Among the ten vignettes that follow, a few lack the same screwball logic or prickly sense of humor because the jabs show their age -- Museum premiered in 1986 -- but they're all infused with wicked wit and Wolfe's sharp observation. The five Ensemble actors gobble up this high-calorie feast.

"A pinch of style and a dash of flair...a heap of survival...a touch of humility...a whole lot of humor...throw in some rage...and don't forget, add some attitude," sings a sassy doo-wrapped Aunt Jemima type (Bobbi Yarbrough-Session) in "Cookin' with Aunt Ethel." (The play's sprightly music is by Kysia Bostic.) Bake 200 years and get..."a bunch of Negroes." She unfolds a gingerbread line of multihued stuffed rag dolls. End of skit.

The show takes a more serious tone with one of its finer exhibits, "The Gospel According to Miss Roj." We meet this snap-happy dinge queen at a gay disco bar. Wearing a halter top, skintight capri pants and white go-go boots, and fueled by anger, rage and alcohol, Miss Roj (Nicholas Lewis) flounders in a caricature of his own making, as he battles against his painful history and his place in it. "We traded in our drums for respectability," he rants, "a whole race trashed and debased." Being outrageous is the only way to protect himself.

Roj's darkness is swiftly dispelled by the hilarious "The Hairpiece," in which the Woman (Yarbrough-Session), bald through perpetual "frying, dying and de-chemicalizing," is confronted by two wigs that come to life to battle for her attention: the power Afro (Kymbrel Mosley) whose kink is "like the kink in your heart," or the white bread, straightened "Barbie-doll dipped in chocolate" (Ford) that can be tossed and shaken to show emotion.

Museum's search for identity culminates in the final exhibit, "The Party," in which the black past, present and future are validated and confirmed.
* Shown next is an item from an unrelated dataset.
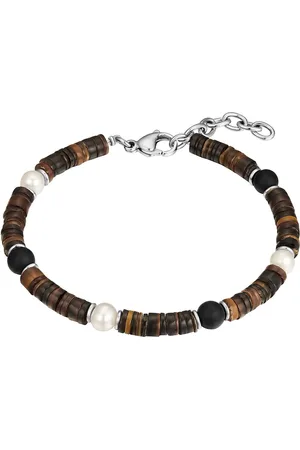 True Rebels Perlen-Armband aus Edelstahl in Silber mit Achat und Süßwasser-Zuchtperle/Muschelkernperle Armbänder & Armreife 1 ct Herren (29.99 € / 1 ct)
Free-wheeling Topsy (Yarbrough-Session), dancing around the stage to the music in her head, describes a party "somewhere between 125th Street and infinity." A vivid vision in burnt-orange pantsuit, Topsy celebrates the amazing amalgamation and "colored contradictions" inherent in black culture -- everything she is. "Whereas I can't live inside yesterday's pain, I can't live without it," she affirms. "We still got our drums," she sways and chuckles.

This Colored Museumshould be listed in everyone's guidebook.